§ **Activity**
Copy out all of the data word for word. Omit every picture.

##########

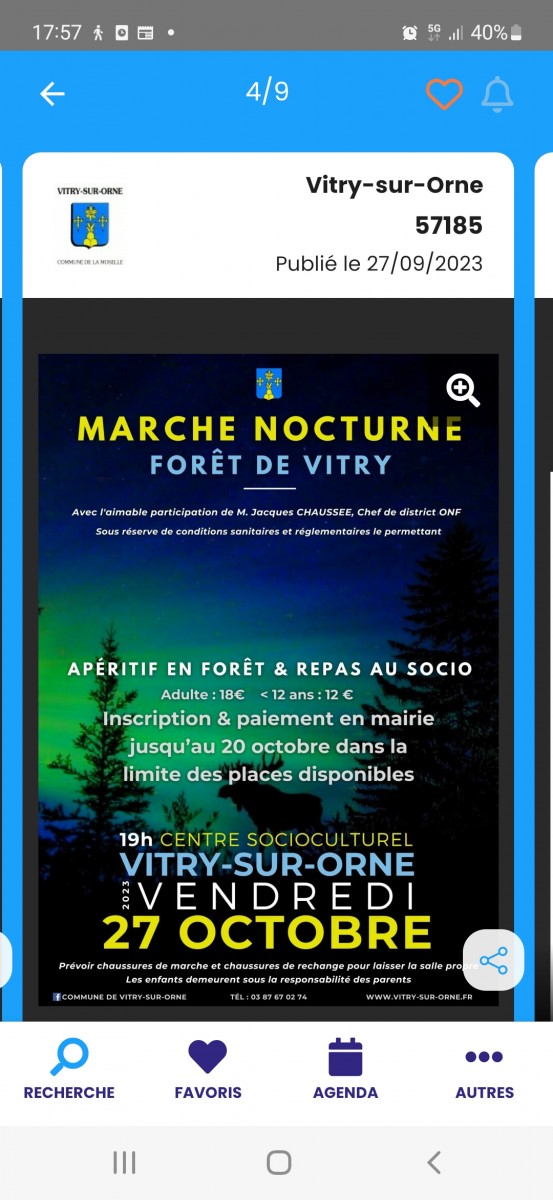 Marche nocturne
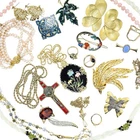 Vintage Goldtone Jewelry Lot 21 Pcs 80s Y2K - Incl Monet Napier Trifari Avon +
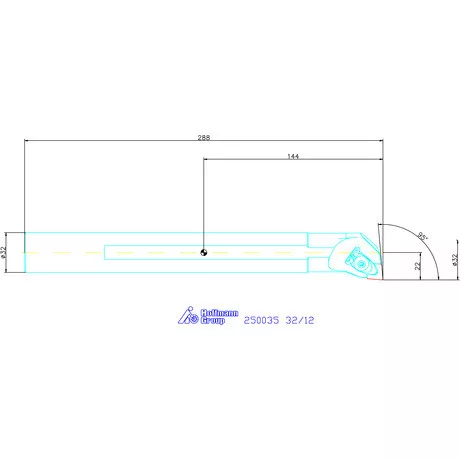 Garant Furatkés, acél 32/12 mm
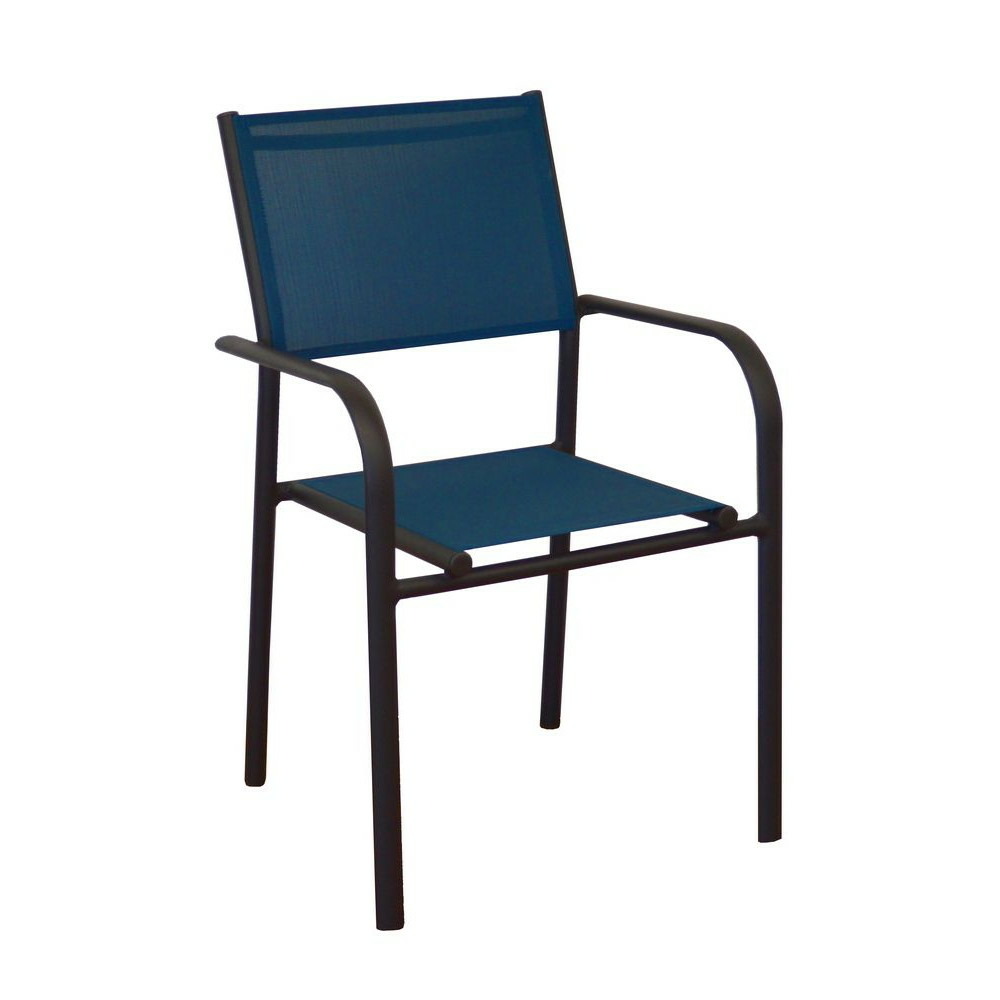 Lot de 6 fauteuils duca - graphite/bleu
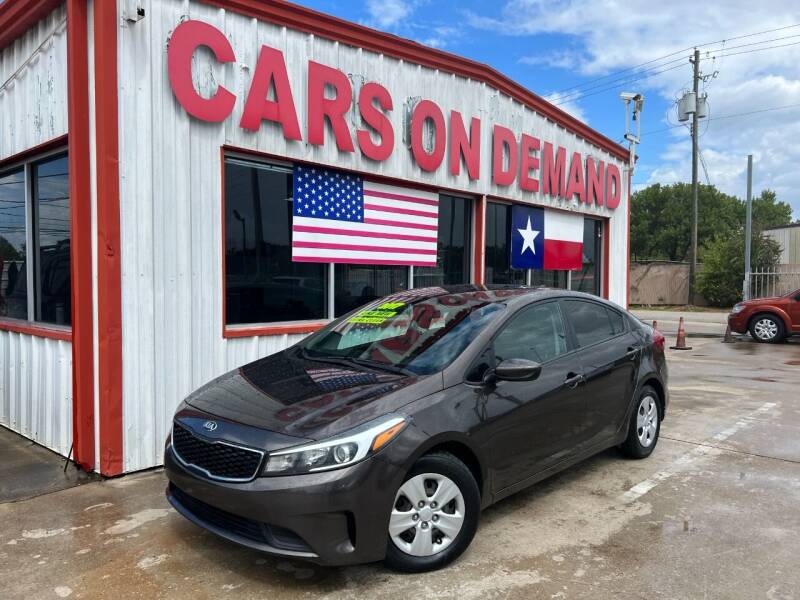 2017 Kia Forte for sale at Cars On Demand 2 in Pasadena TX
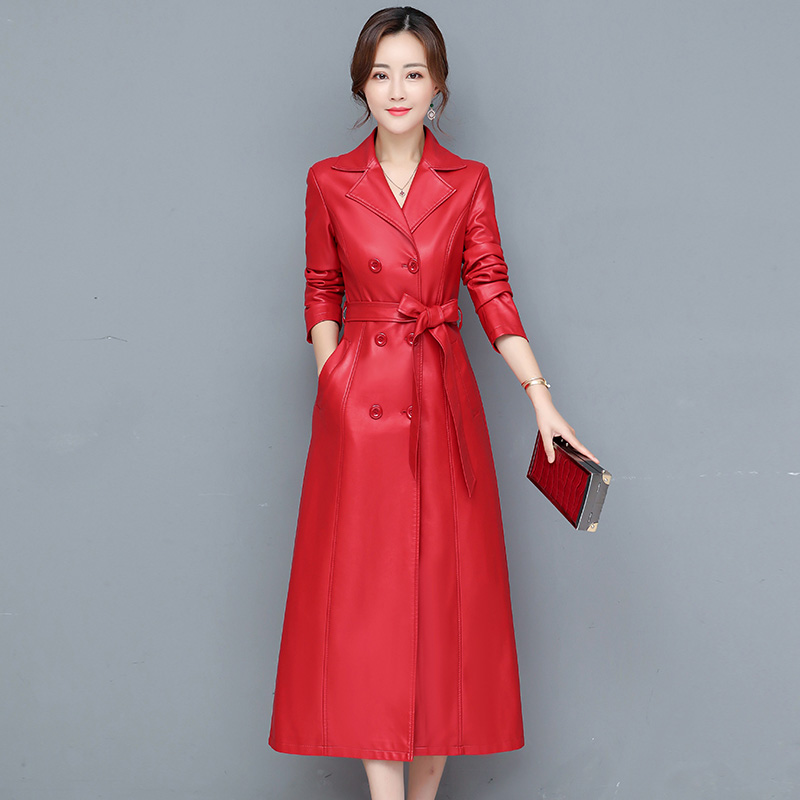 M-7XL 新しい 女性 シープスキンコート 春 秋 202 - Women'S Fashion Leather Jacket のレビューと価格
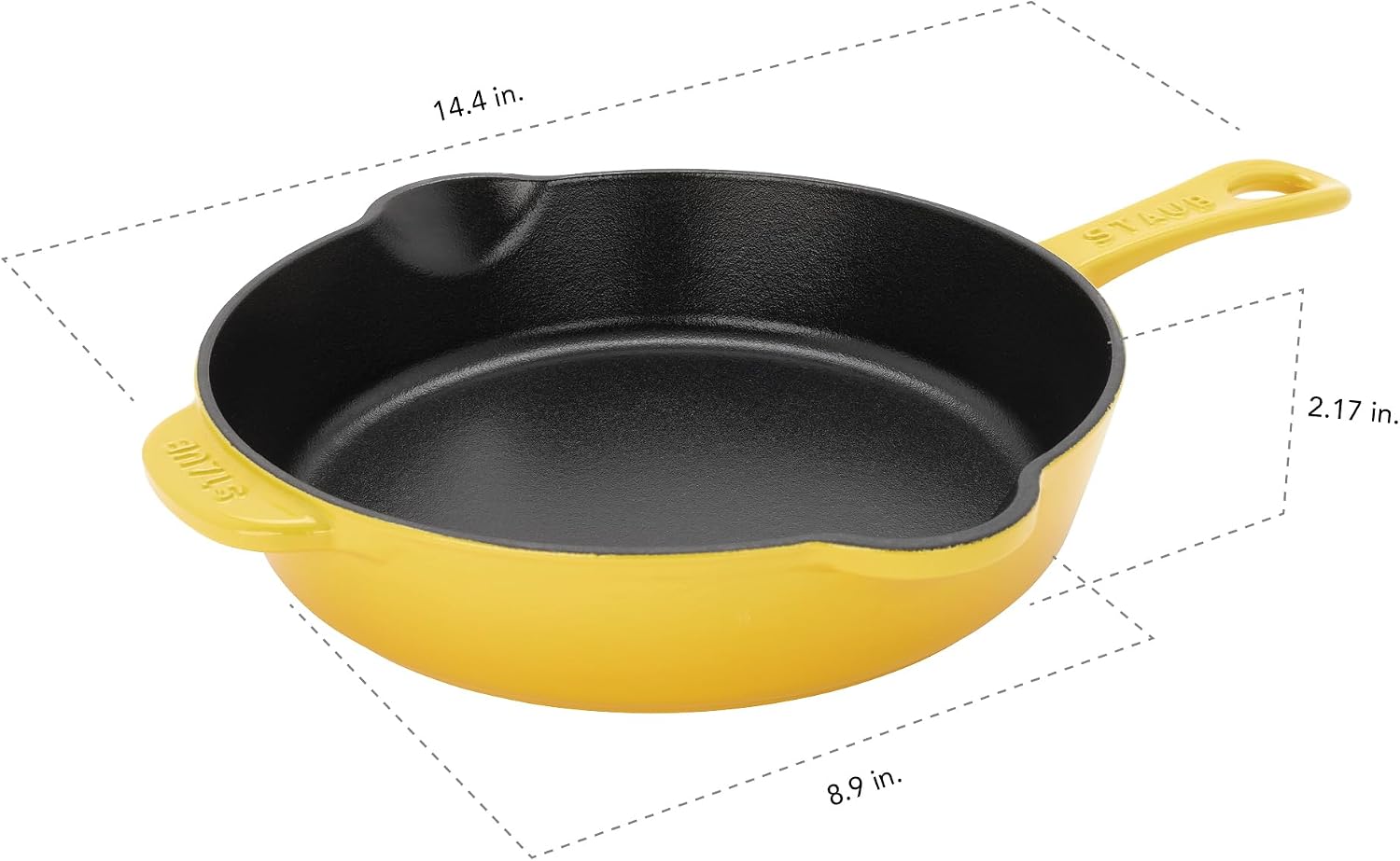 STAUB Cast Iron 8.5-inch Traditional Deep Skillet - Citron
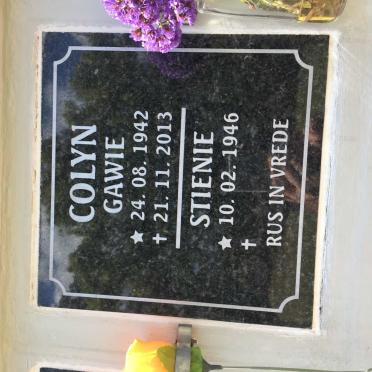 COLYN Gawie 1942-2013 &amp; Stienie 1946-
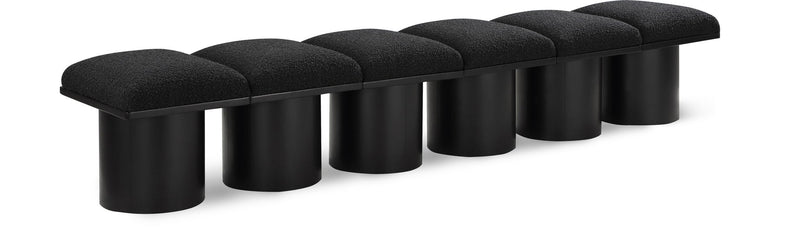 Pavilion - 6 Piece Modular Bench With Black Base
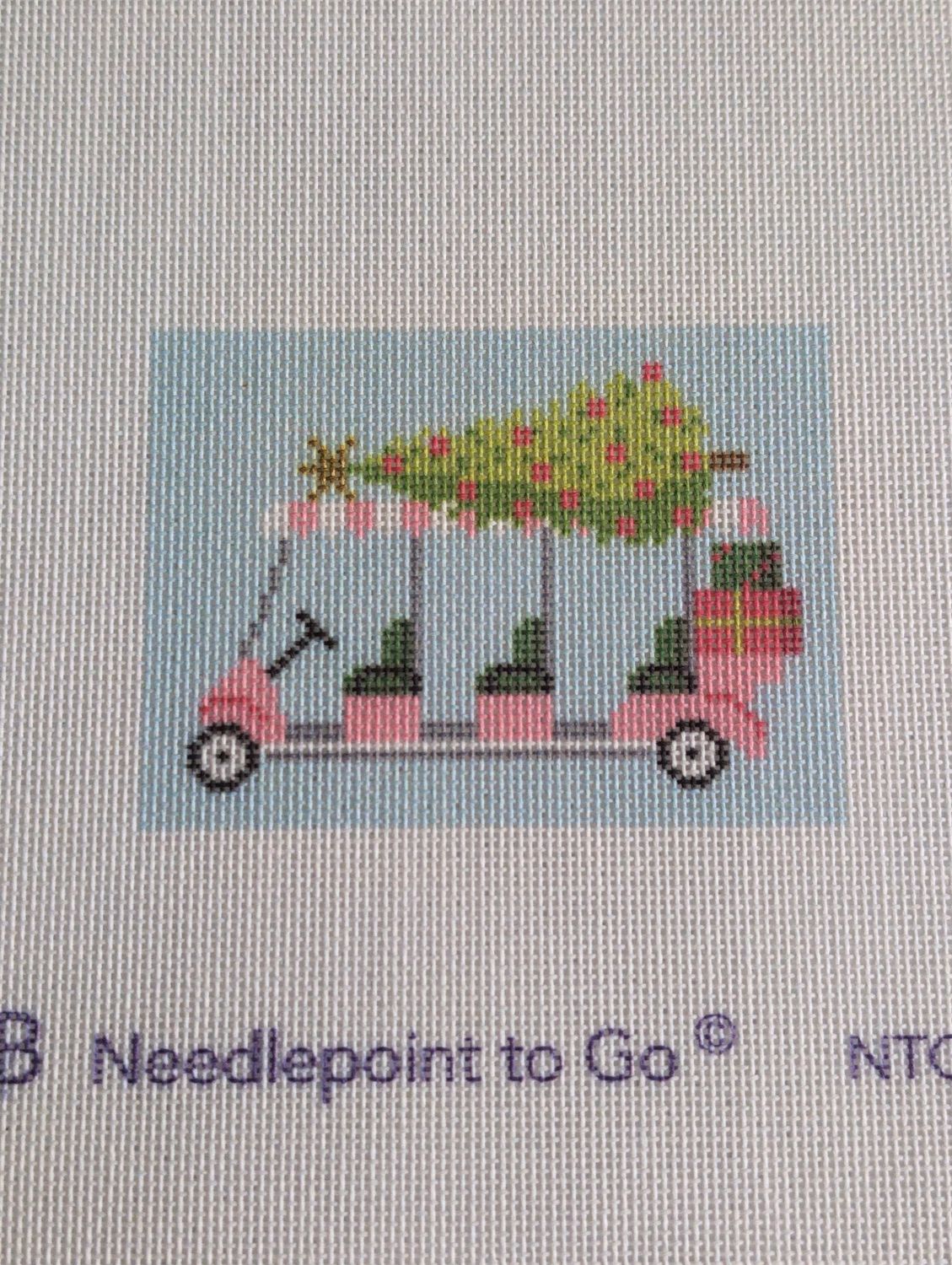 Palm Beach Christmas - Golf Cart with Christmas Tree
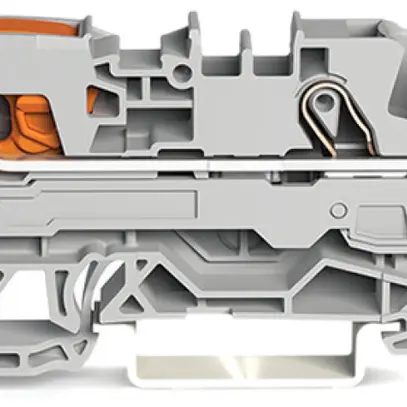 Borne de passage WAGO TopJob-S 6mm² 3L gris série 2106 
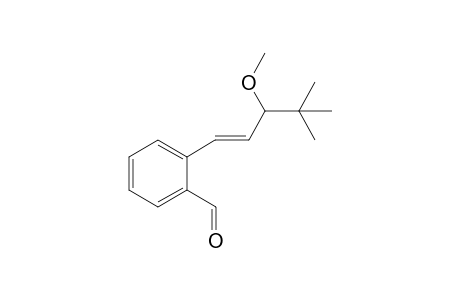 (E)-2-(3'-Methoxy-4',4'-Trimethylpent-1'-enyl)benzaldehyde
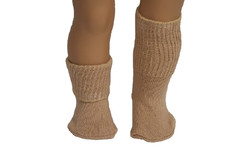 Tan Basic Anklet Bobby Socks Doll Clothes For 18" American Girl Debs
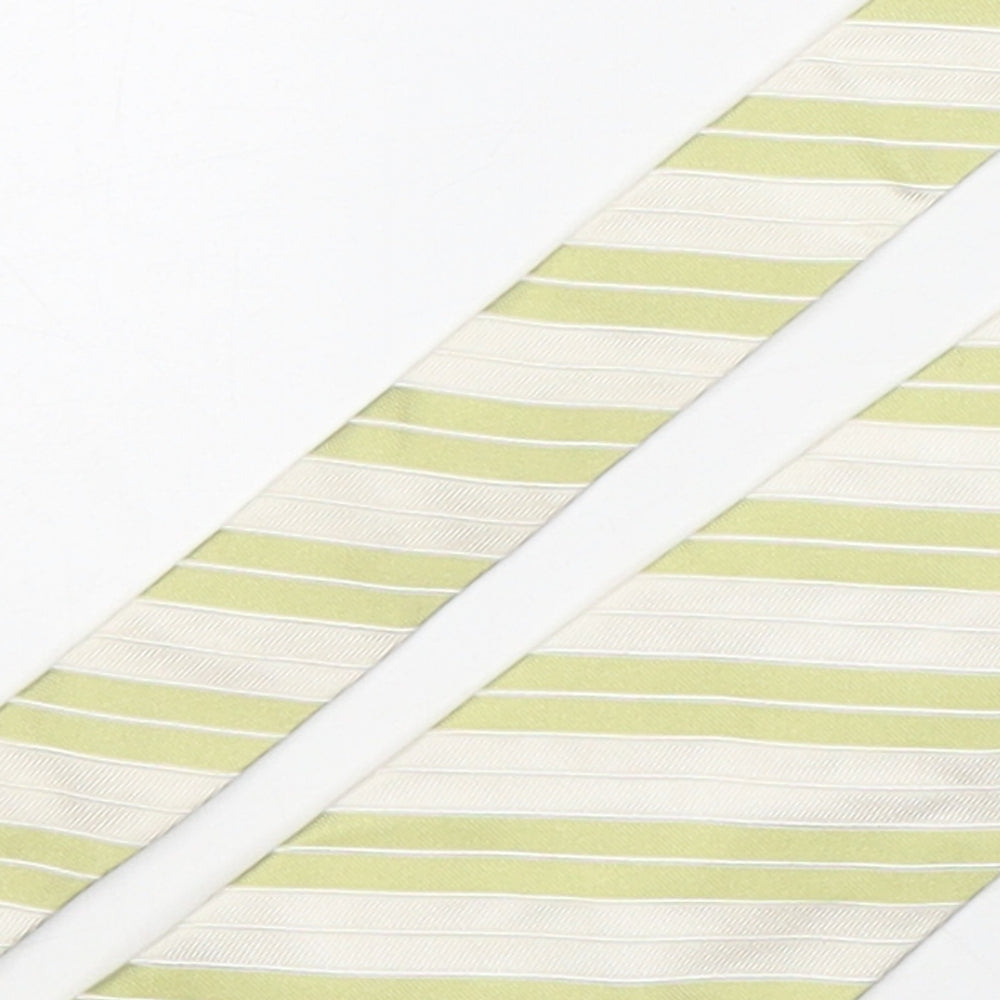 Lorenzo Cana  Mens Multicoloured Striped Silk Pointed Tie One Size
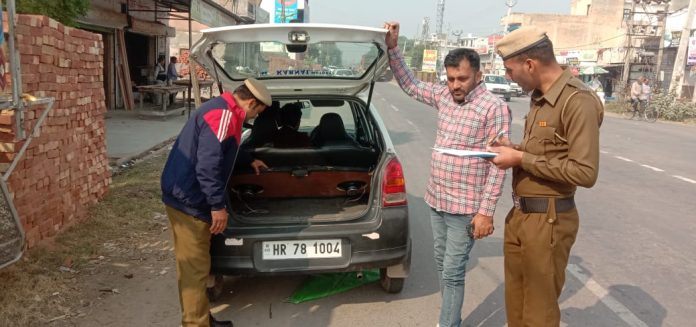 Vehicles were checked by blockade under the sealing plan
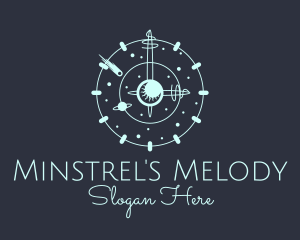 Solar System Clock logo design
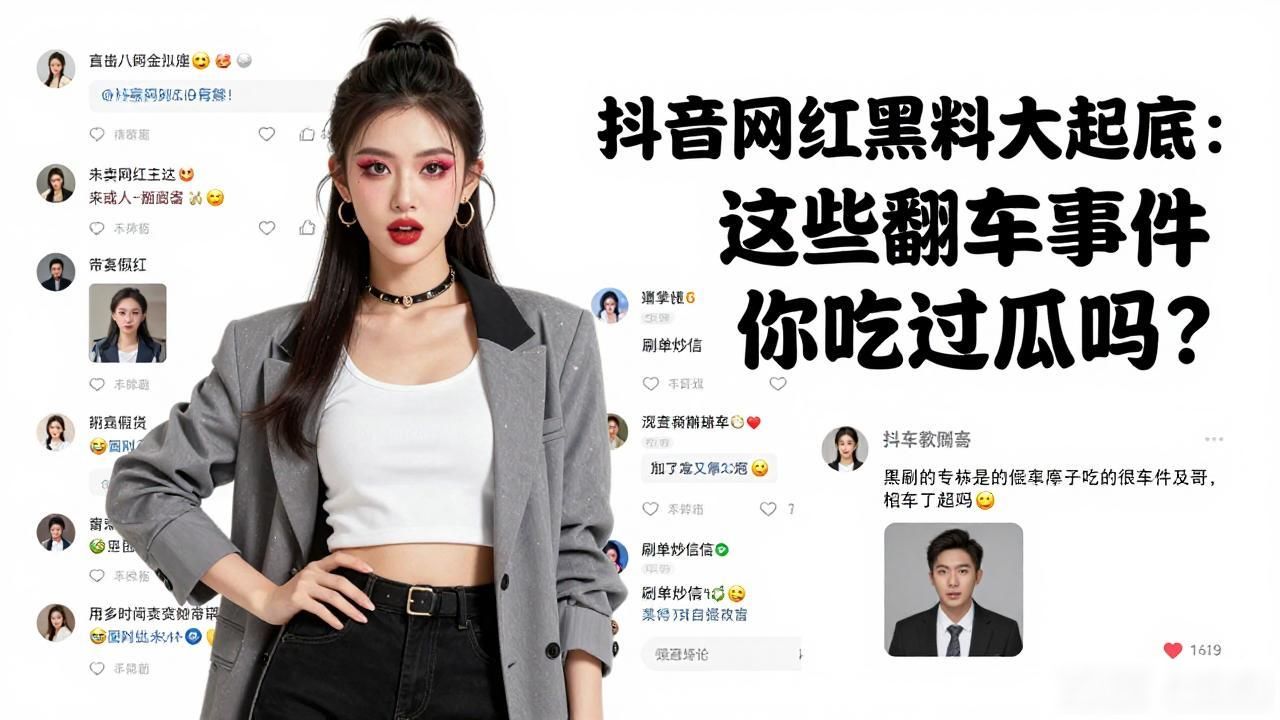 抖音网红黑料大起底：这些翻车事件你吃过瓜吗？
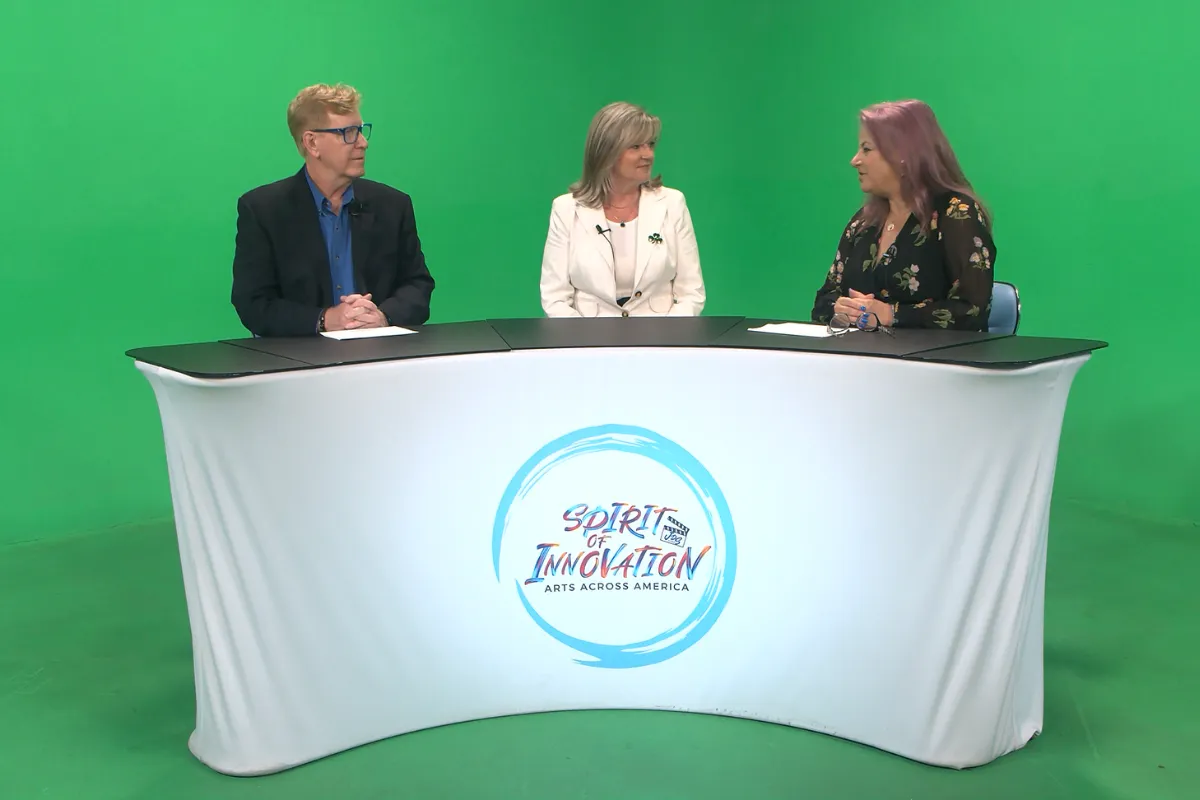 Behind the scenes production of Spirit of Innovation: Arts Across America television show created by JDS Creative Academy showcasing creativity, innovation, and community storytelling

##########

§ **Reply to the task**
 Marche nocturne
 Vintage Goldtone Jewelry Lot 21 Pcs 80s Y2K - Incl Monet Napier Trifari Avon +
 Garant Furatkés, acél 32/12 mm
 Lot de 6 fauteuils duca - graphite/bleu
 2017 Kia Forte for sale at Cars On Demand 2 in Pasadena TX
 M-7XL 新しい 女性 シープスキンコート 春 秋 202 - Women'S Fashion Leather Jacket のレビューと価格
 STAUB Cast Iron 8.5-inch Traditional Deep Skillet - Citron
 COLYN Gawie 1942-2013 &amp; Stienie 1946-
 Pavilion - 6 Piece Modular Bench With Black Base
 Palm Beach Christmas - Golf Cart with Christmas Tree
 Borne de passage WAGO TopJob-S 6mm² 3L gris série 2106 
 (E)-2-(3'-Methoxy-4',4'-Trimethylpent-1'-enyl)benzaldehyde
 Tan Basic Anklet Bobby Socks Doll Clothes For 18" American Girl Debs
 Lorenzo Cana  Mens Multicoloured Striped Silk Pointed Tie One Size
 Vehicles were checked by blockade under the sealing plan
 Solar System Clock logo design
 抖音网红黑料大起底：这些翻车事件你吃过瓜吗？
 Behind the scenes production of Spirit of Innovation: Arts Across America television show created by JDS Creative Academy showcasing creativity, innovation, and community storytelling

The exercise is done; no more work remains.